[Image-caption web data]
------------------------------------------------------------
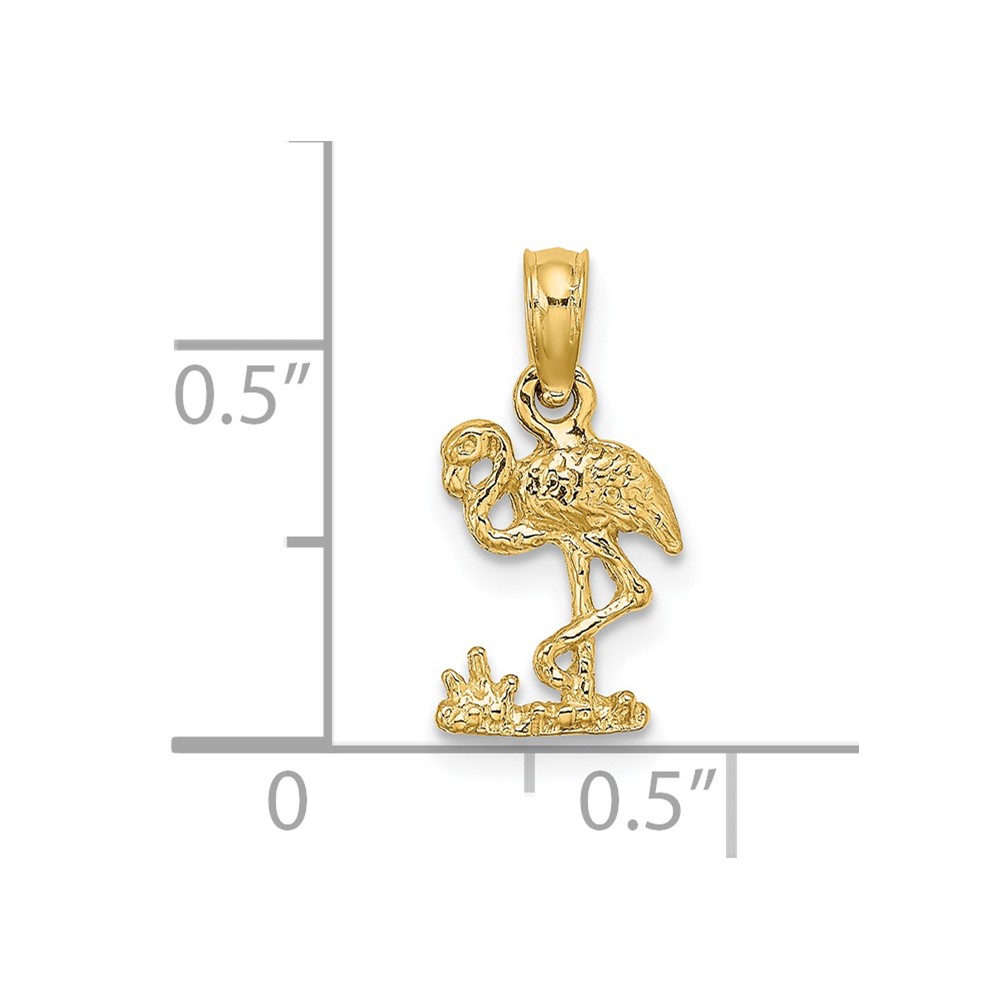 14K Mini Flamingo Charm (K6433)
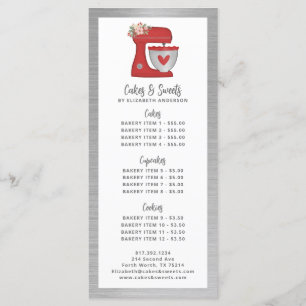 Menu Cardápio de Sobremesas do Chefe de Pastelaria da M
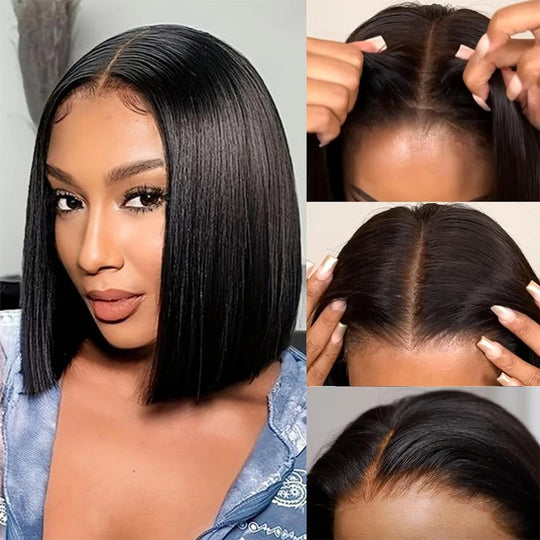 12A Ready To Go Bone Straight Bob Wig Lace Frontal 100% Human Hair Wig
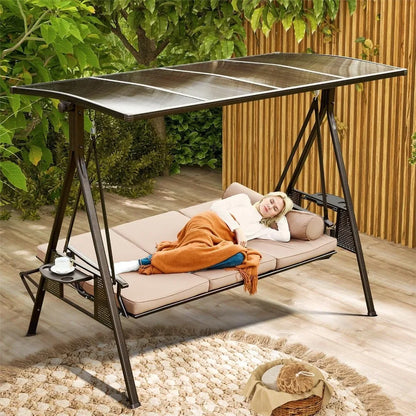 Oversized Convertible 3-Seater Porch Swing with Hardtop, 2 Side Cup Holder
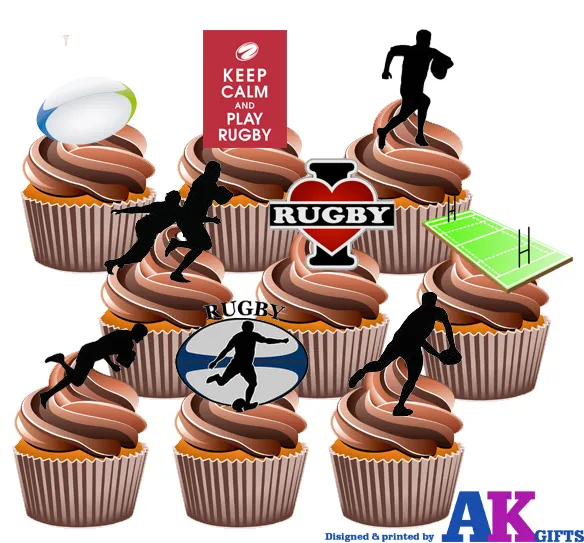 PARTY PACK - 36 X  Rugby Ball Pitch Silhouette Players Mix EDIBLE CAKE TOPPERS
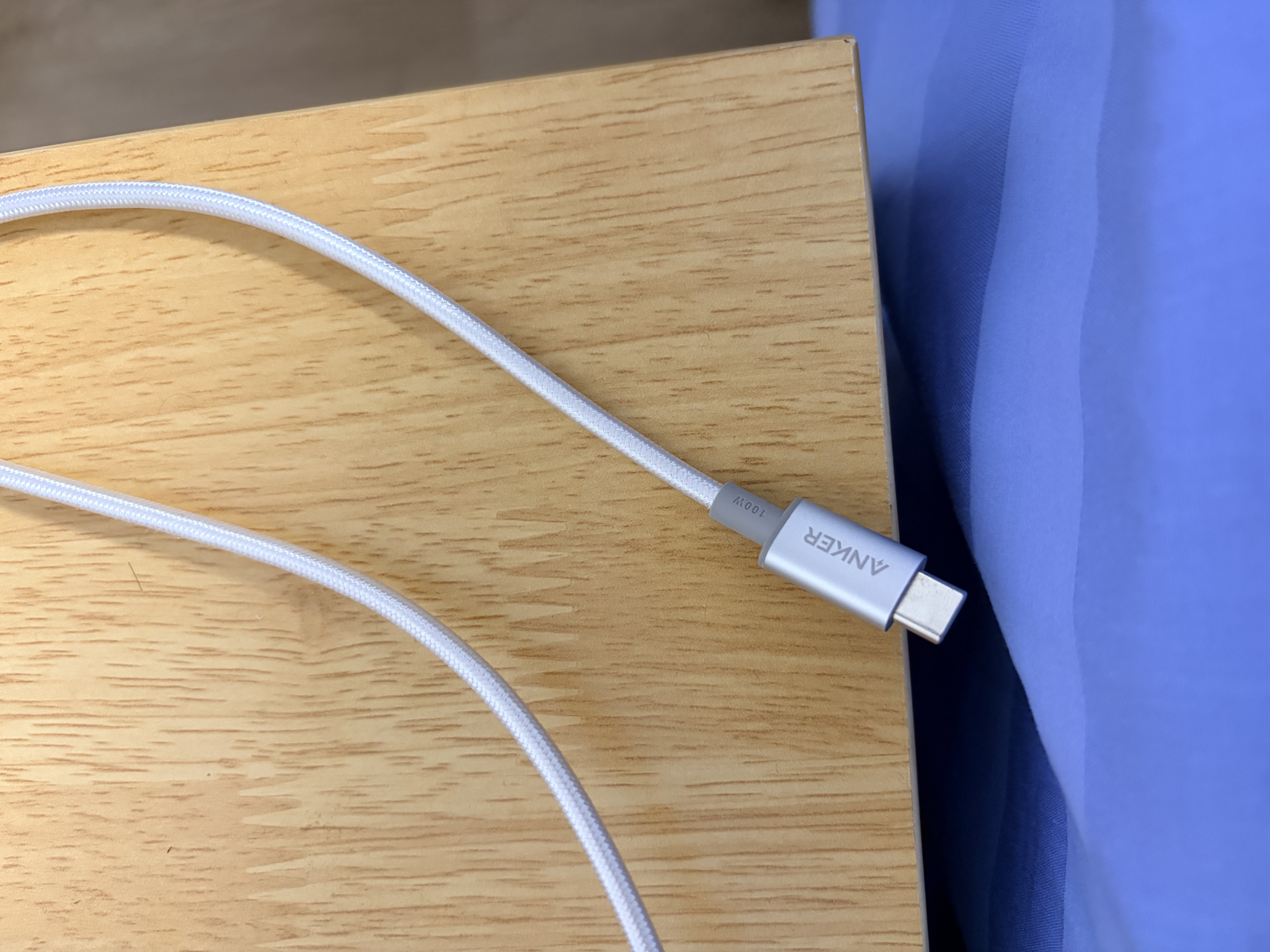 ANKER安克100W冰点快充线【包邮】双头type-c数据usb线编织充电线适配17iPhone18苹果16手表耳机电脑 【白色】100W编织线 1.8米 实拍图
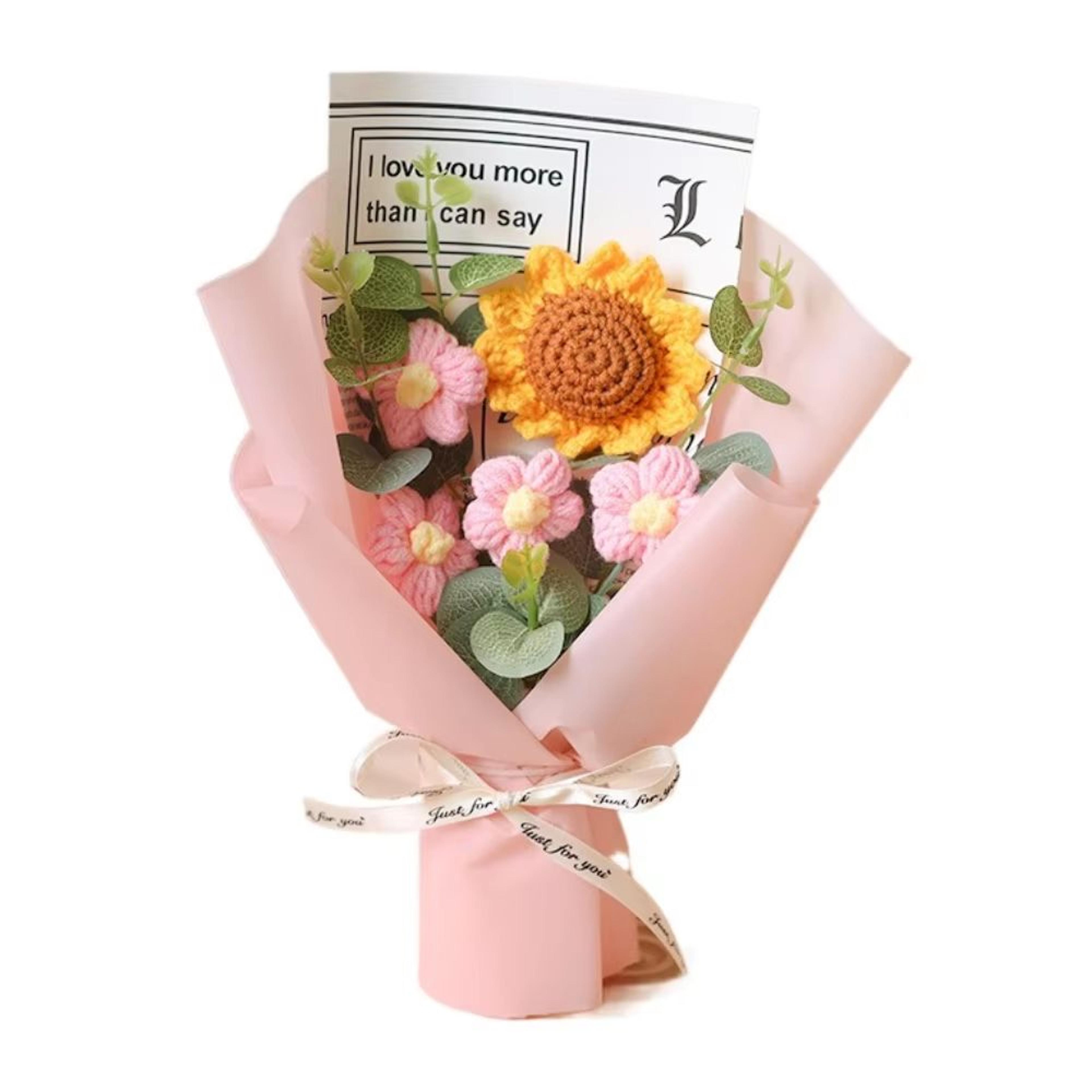 Sunflower And Daisy Artificial Crochet Bouquet Eternal Floral Gift 7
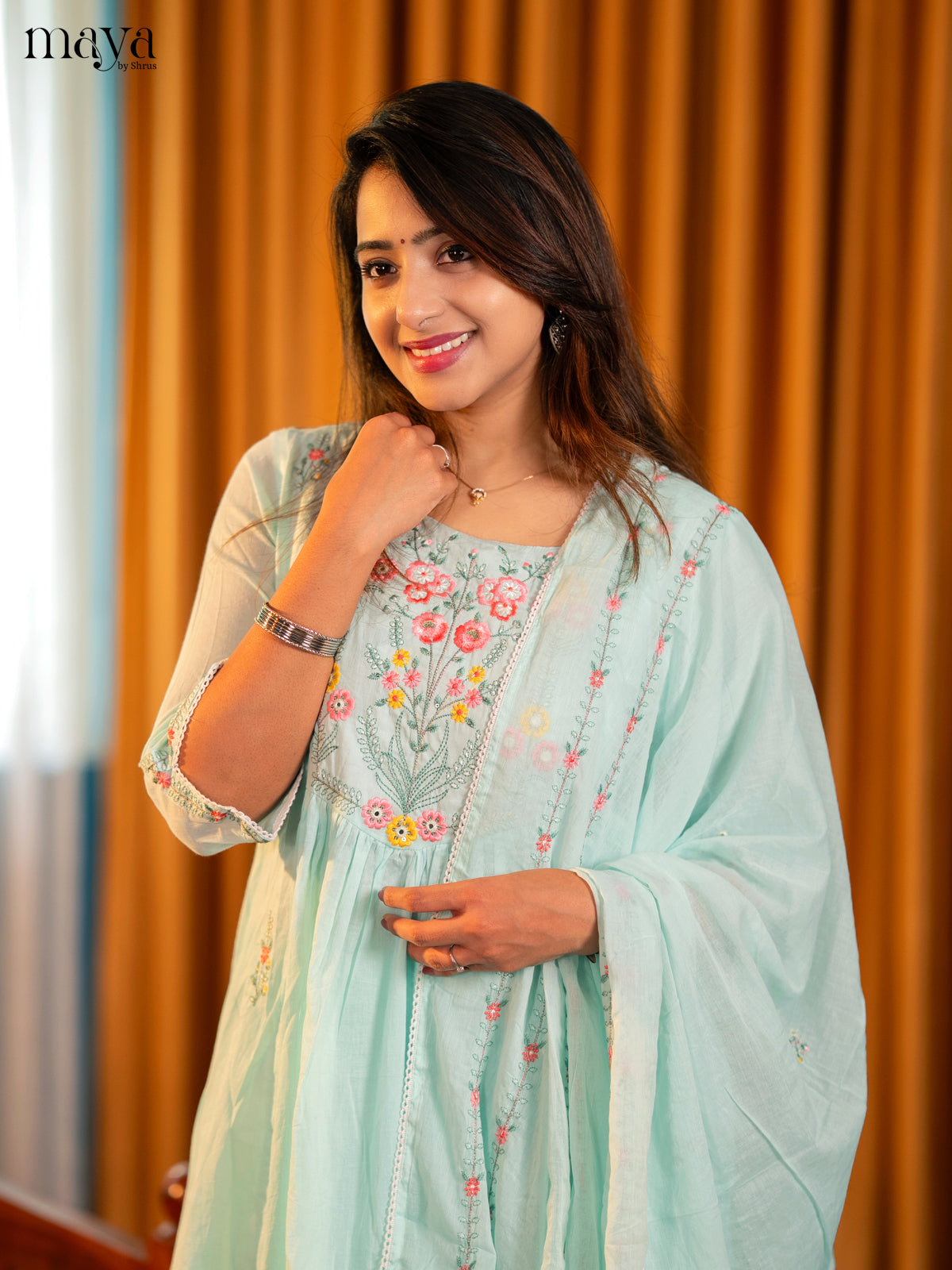 Teal - Floral Embroidery Readymade 3-piece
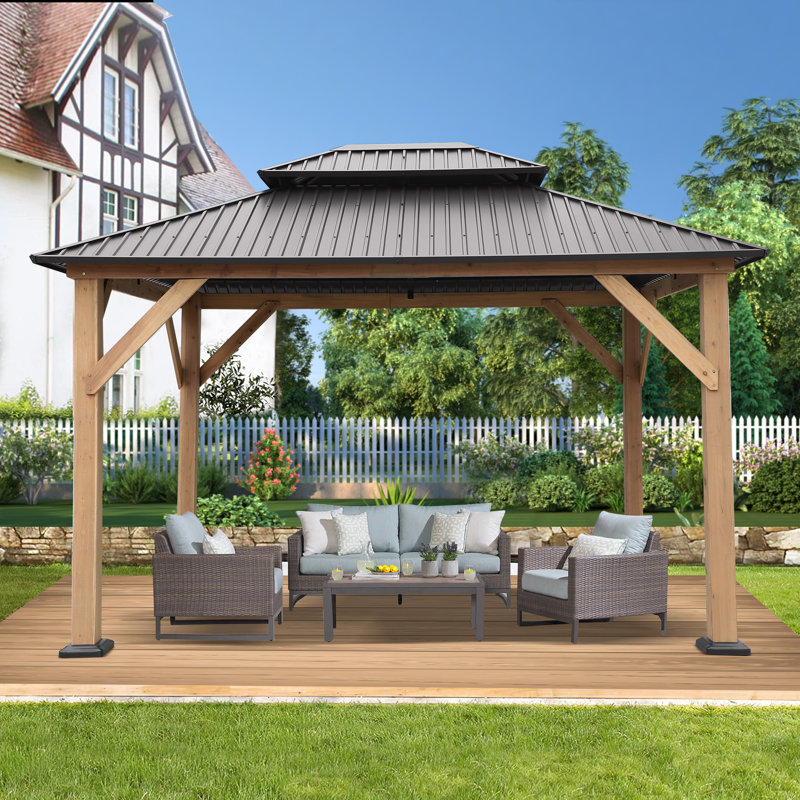 10 pi. L 12 pi. D Pavillon de jardin en bois massif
------------------------------------------------------------
## [Exercise aim]
All of the data above should be printed again exactly, though none of the pictures belong in the copy.

## [Answer box]
 14K Mini Flamingo Charm (K6433)
 Menu Cardápio de Sobremesas do Chefe de Pastelaria da M
 12A Ready To Go Bone Straight Bob Wig Lace Frontal 100% Human Hair Wig
 Oversized Convertible 3-Seater Porch Swing with Hardtop, 2 Side Cup Holder
 PARTY PACK - 36 X  Rugby Ball Pitch Silhouette Players Mix EDIBLE CAKE TOPPERS
 ANKER安克100W冰点快充线【包邮】双头type-c数据usb线编织充电线适配17iPhone18苹果16手表耳机电脑 【白色】100W编织线 1.8米 实拍图
 Sunflower And Daisy Artificial Crochet Bouquet Eternal Floral Gift 7
 Teal - Floral Embroidery Readymade 3-piece
 10 pi. L 12 pi. D Pavillon de jardin en bois massif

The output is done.